Last week, as Scottish members of the Royal College of Nursing voted to strike for the first time, the Scottish Social Attitudes Survey revealed that two-thirds of Scots believe the standard of care in the NHS has fallen. In August, one in ten operations north of the Border was cancelled due to lack of resources.

Meanwhile, a British Medical Association survey found that 44 per cent of senior doctors are planning to leave their roles “in some capacity” over the next 12 months, while the Care Quality Commission, the independent regulator of health and social care in England, reported 132,000 NHS and 165,000 social care vacancies, meaning a workforce the size of the population of Newcastle-Upon-Tyne is needed to fix the logjam.

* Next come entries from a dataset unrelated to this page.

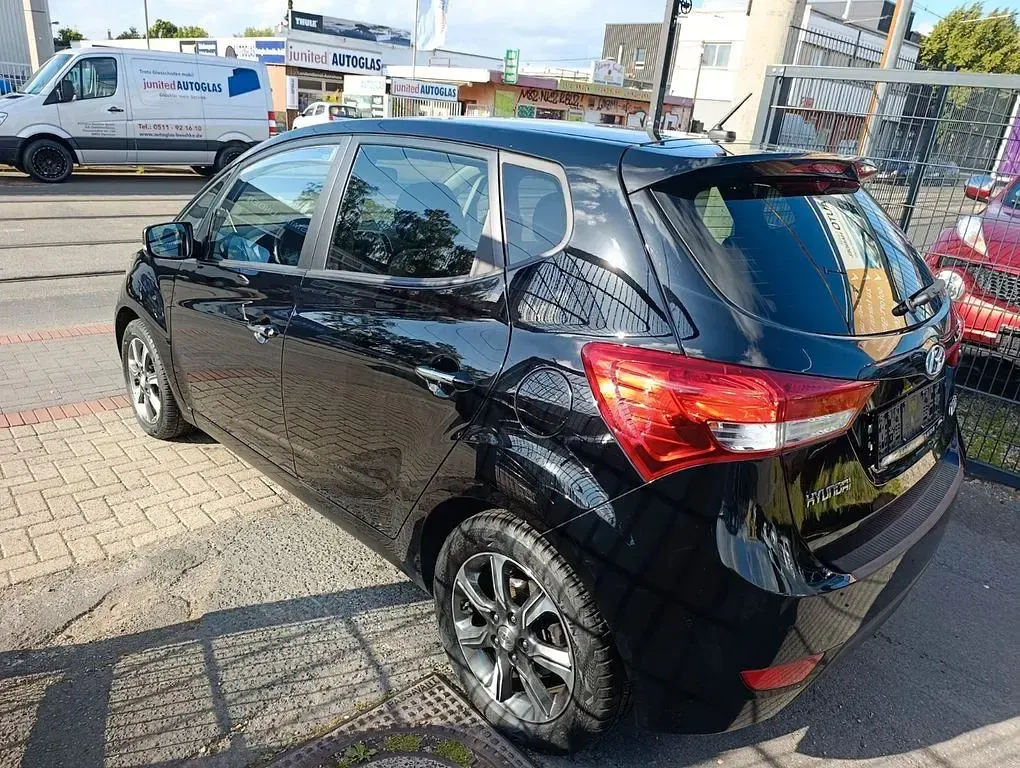 Gebraucht Hyundai ix20 YES! 125 PS (91 kW) 2017 Schwarz Kleinwagen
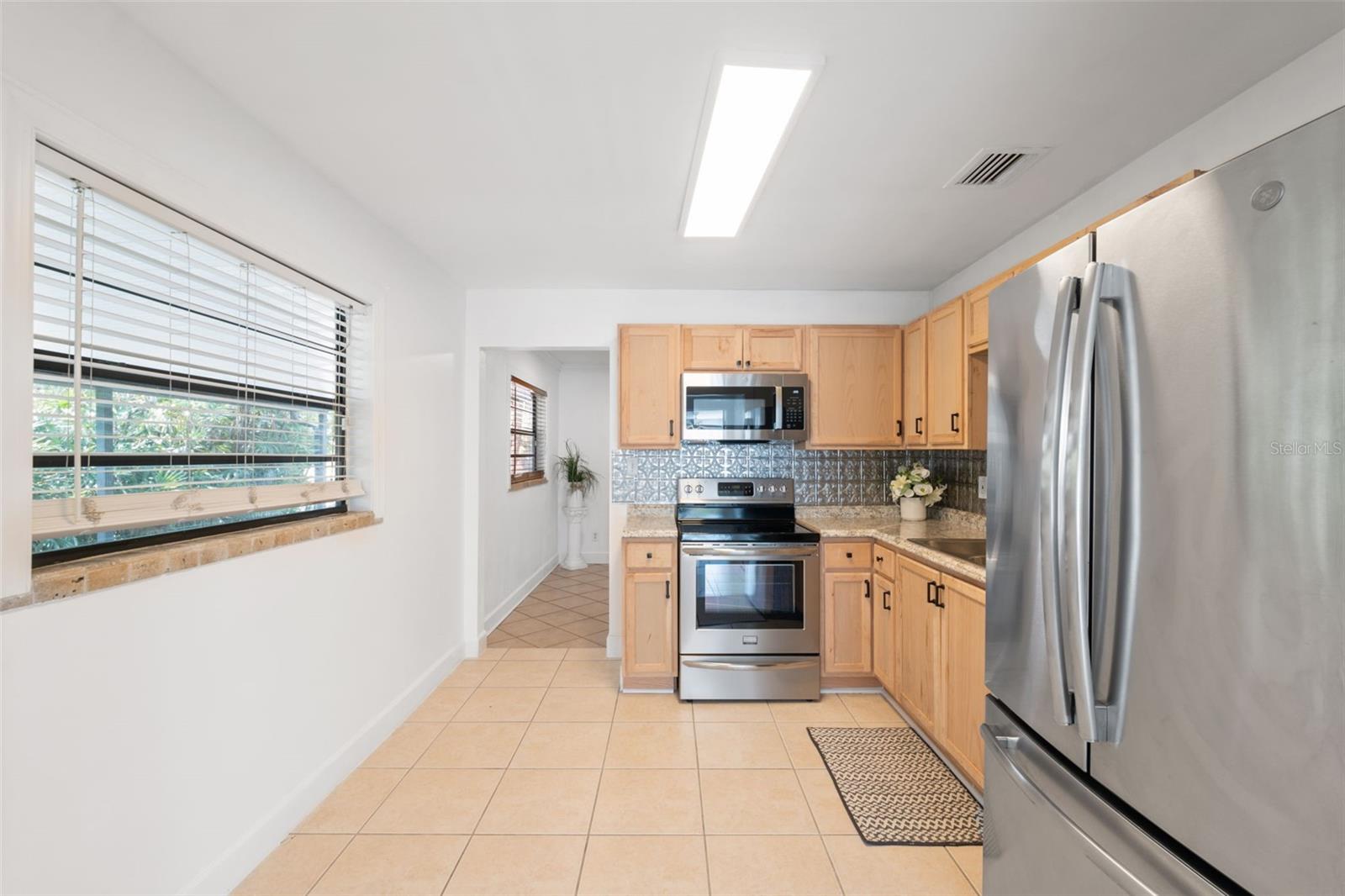 3918 W FIG ST — photo 11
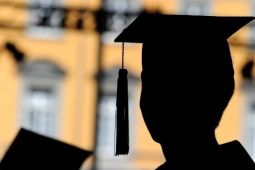 Tỷ lệ sinh viên nhận được bằng cấp ở Đức giảm nhiều do đại dịch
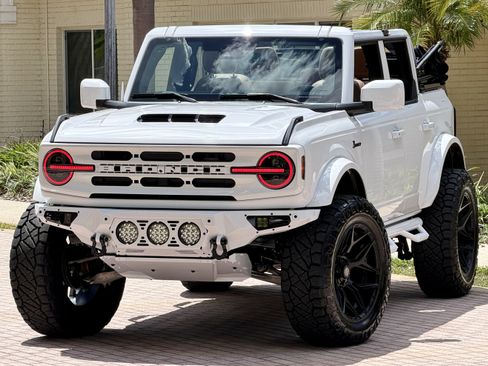Used 2026 Ford Bronco Outer Banks AWD/4WD image 1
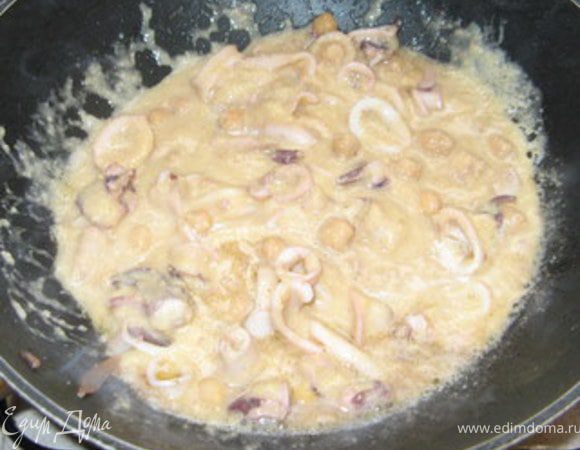 Через пару минут, когда кальмары будут готовы,добавить нут и пюре из него.Если соус получится слишком густым, добавить немго воды от варки пасты.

None of this is likely to lead to any significant change – at least not in the short-term. Traditionally, the response of politicians to complaints of a “crisis” in the NHS has been to throw more money at it, and right now there’s no money to spare. While both Conservative and Labour governments have previously toyed with reform, none has dared challenge the universally free, taxpayer-funded model upon which the health service was founded.

If there is a single, immutable reality of British political life, it is that the NHS is an untouchable shibboleth, and any party that says otherwise risks courting electoral oblivion. Even if there was a Prime Minister mad or drunk enough to suggest privatising the service, they need to travel to the ends of the Earth several times over before finding a private operator madder, or drunker, enough to take on the job.

Yet, there is a dynamic to NHS’s most recent failings which appears materially different to anything previously. The service has endured because there is an almost spiritual belief in its universality. People of all classes and backgrounds accept the same level of treatment as a right and consequence of being British.

Those principles have survived because NHS care, as well as being universal, was also universally excellent. That can no longer be said to be the case. The withholding of treatment for years is worse than receiving poor treatment and those who can afford to pay privately for a better service will inevitably opt to do so.

The most compelling argument against privatising the NHS has always been that the provision of healthcare should not be left to the vagaries of market forces. The irony of the current crisis is that those very market forces may now compel its demise. No matter how strongly we support the NHS, few of us will be prepared to wait months – or years – to have an ingrown toenail treated or a cyst removed if we can have it done privately, the following week, for a few hundred pounds.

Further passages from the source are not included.